What you should do:
Please output all the entries word for word, without the pictures.

※

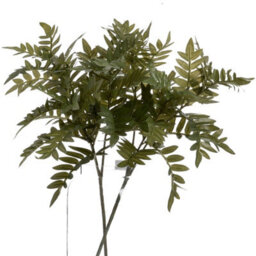 Wyld Haus Set Of 3 Artificial Pistach Bunch Greenery Stems 670mm For Vases And Bouquets - thumbnail 2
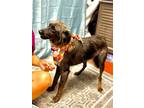 Adopt Cheyanne a Australian Shepherd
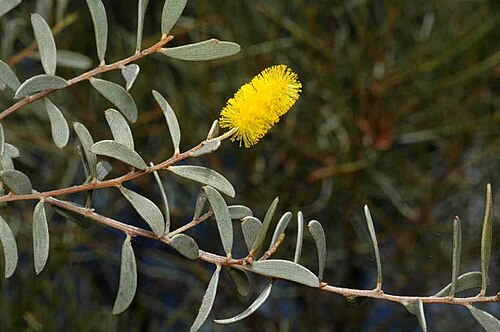 Acacia minyura: Flowers and foliage of Acacia minyura in the Australian National Botanic Gardens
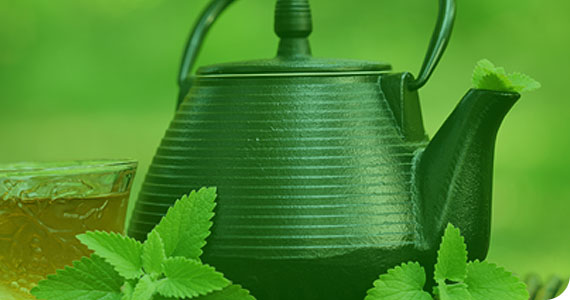 banner-1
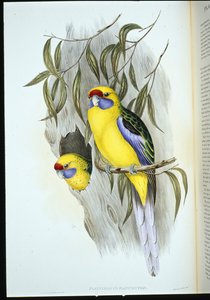 Periquito de vientre amarillo (platycercus flaviventris) de John (after) Gould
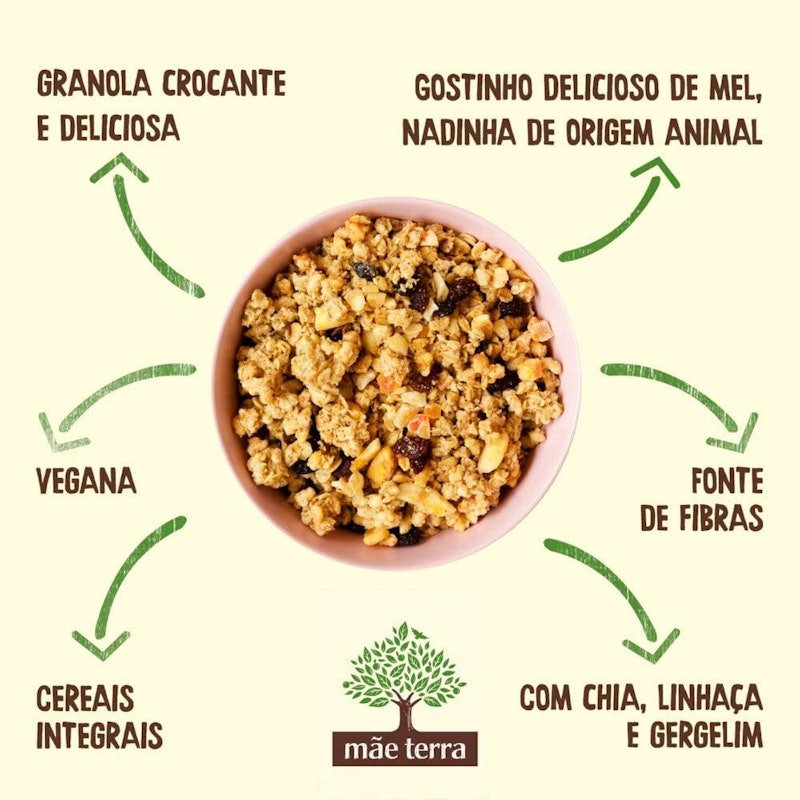 Granola Frutas e Mel Vegano 5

※

Solution:
 Wyld Haus Set Of 3 Artificial Pistach Bunch Greenery Stems 670mm For Vases And Bouquets - thumbnail 2
 Adopt Cheyanne a Australian Shepherd
 Acacia minyura: Flowers and foliage of Acacia minyura in the Australian National Botanic Gardens
 banner-1
 Periquito de vientre amarillo (platycercus flaviventris) de John (after) Gould
 Granola Frutas e Mel Vegano 5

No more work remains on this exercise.